Amazon has come under fire after it was discovered that Christmas decor featuring Holocaust concentration camp photos were being sold on the site.
The Auschwitz Memorial, with almost 800,000 followers on Twitter, shared screenshots of Amazon’s products on Sunday, sparking a massive backlash from consumers and descendants and/or family members of many who perished in the infamous Nazi concentration camp, where nearly one million Jews were killed during the Holocaust.
“Selling ‘Christmas ornaments’ with images of Auschwitz does not seem appropriate,” the Auschwitz Memorial said in a tweet on Sunday, calling on Amazon to remove the items. “Auschwitz on a bottle opener is rather disturbing and disrespectful.”
Selling "Christmas ornaments" with images of Auschwitz does not seem appropriate. Auschwitz on a bottle opener is rather disturbing and disrespectful. We ask @amazon to remove the items of those suppliers. https://t.co/0uG2JG558e pic.twitter.com/ucZoTWPk1W— Auschwitz Memorial (@AuschwitzMuseum) December 1, 2019
The products were not available on Monday morning when the Daily Dot ran a search on Amazon, but the links still appeared on Google searches. Screenshots shared by Auschwitz Memorial on Twitter show a “tree decor souvenir” and a bottle opener fridge magnet with photos of what appears to be a concentration camp. The images are of brown buildings with barbed wire, the exact imagery of concentration camps that have been documented. The bottle cap opener and one of the tree decors has a photo caption of “Krakow Poland.” Krakow is about 40 miles from where the Auschwitz camp is located and is one of the central transit spots of getting to Auschwitz.

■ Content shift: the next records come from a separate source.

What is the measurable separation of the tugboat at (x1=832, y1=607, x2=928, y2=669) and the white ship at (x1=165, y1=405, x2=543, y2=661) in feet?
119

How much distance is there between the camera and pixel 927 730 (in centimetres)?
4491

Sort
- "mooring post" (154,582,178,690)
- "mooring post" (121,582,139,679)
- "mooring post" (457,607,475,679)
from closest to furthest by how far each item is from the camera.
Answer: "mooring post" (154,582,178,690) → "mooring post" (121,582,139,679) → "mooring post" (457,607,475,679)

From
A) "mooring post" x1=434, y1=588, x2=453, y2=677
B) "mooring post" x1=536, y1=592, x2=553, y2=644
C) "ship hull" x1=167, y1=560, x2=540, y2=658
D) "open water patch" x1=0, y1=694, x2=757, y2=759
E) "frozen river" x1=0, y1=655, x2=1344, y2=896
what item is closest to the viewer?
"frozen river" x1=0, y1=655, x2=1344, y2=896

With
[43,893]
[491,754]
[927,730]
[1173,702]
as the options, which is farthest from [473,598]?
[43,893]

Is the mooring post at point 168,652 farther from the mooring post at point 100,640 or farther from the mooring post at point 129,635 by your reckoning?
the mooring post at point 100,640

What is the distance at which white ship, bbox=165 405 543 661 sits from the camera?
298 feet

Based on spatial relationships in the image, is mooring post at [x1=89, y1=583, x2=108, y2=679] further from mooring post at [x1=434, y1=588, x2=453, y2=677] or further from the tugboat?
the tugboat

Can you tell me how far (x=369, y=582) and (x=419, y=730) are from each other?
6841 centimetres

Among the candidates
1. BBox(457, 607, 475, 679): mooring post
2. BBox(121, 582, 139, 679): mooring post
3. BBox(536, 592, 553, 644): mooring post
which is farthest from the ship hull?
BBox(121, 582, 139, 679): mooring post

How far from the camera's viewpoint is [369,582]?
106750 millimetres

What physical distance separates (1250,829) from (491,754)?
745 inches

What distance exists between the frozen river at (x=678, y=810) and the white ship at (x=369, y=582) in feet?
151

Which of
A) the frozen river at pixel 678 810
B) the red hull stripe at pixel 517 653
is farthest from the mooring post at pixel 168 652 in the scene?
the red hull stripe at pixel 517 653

Another “tree decor” shows the entrance of the Auschwitz concentration camp and was advertised on the website as “Poland Auschwitz War Camp Prison Christmas Ornament.” The bottle opener magnet was being sold for $12.99. The prices for others weren’t available in the screenshots.

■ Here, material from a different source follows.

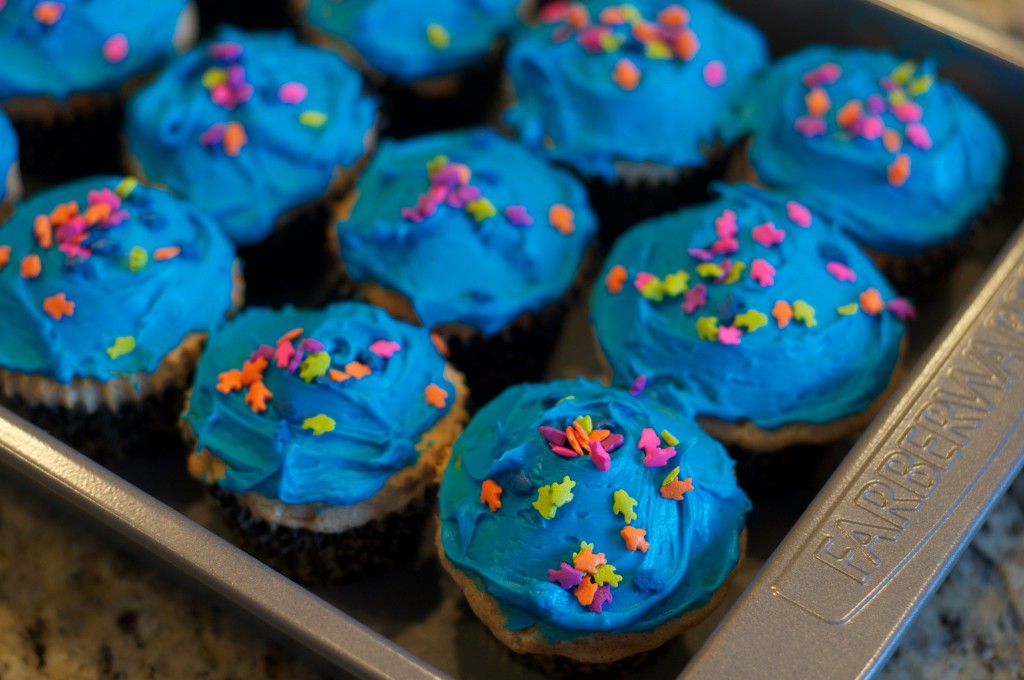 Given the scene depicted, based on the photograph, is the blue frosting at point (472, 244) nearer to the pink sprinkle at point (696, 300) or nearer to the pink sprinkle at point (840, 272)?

A screenshot of another product, by another seller “Tree26,” showed a mousepad with “Massacre Auschwitcz [sic] Birkenau Jewish Death”—a thumbnail of the link to that product page showed it was being sold on Amazon, though the product is no longer available.
The gifts were posted on Amazon by a seller titled “Fcheng” whose profile shows they sell similar magnets and ornaments based off city souvenirs. The manufacturer listed on the other products by Fcheng was “Jollin Travel Gifts.”
Many expressed their frustration at the idea that anyone on Amazon would consider this acceptable to sell:
As the Grandson of Holocaust survivors who had to endure the traumas of Auschwitz, I find this disgusting, repulsive, and unbecoming of a company like @amazon or any single American company. I don’t understand how something like this gets made in this day and age, let alone sold. https://t.co/JvhVEFXLK5— Josh Gad (@joshgad) December 2, 2019
In current day America, I think we know exactly who would purchase these.— Patricia (@Principalaz) December 1, 2019
Those who think that there are "some very fine people on both sides."
Jeff Bezo's @amazon I join my family's voice w/ @AuschwitzMuseum to request you IMMEDIATELY REMOVE all "holiday" ornaments and other "gifts" for sale that display Auschwitz. Not only is this disrespectful but SHAMEFUL that someone in your org would even think this appropriate!— Julia Burrell (@republiclvr) December 1, 2019
And there were quite a few Stephen Miller references, likely given a recent report that exposed his explicit ties and allegiance to white supremacy:
Stephen Miller probably thinks it’s ok— Jay beilis (@beilis_jay) December 1, 2019
The Memorial’s page had posted their initial tweet early Sunday morning, and by the afternoon—after about 10 hours—Amazon finally took down the listings, according to a follow-up tweet by the Memorial:
The Daily Dot has reached out to Amazon and will update the report if it responds. Amazon told the New York Times in a statement that “all sellers must follow our selling guidelines and those who do not will be subject to action, including potential removal of their account.”
According to Amazon’s guidelines, products “related to human tragedies” are not allowed to be sold on the platform, and a user risks being suspended—temporarily or permanently, based on the “appropriateness of listings on its site.” As of Monday morning, other products by the seller were still on the platform.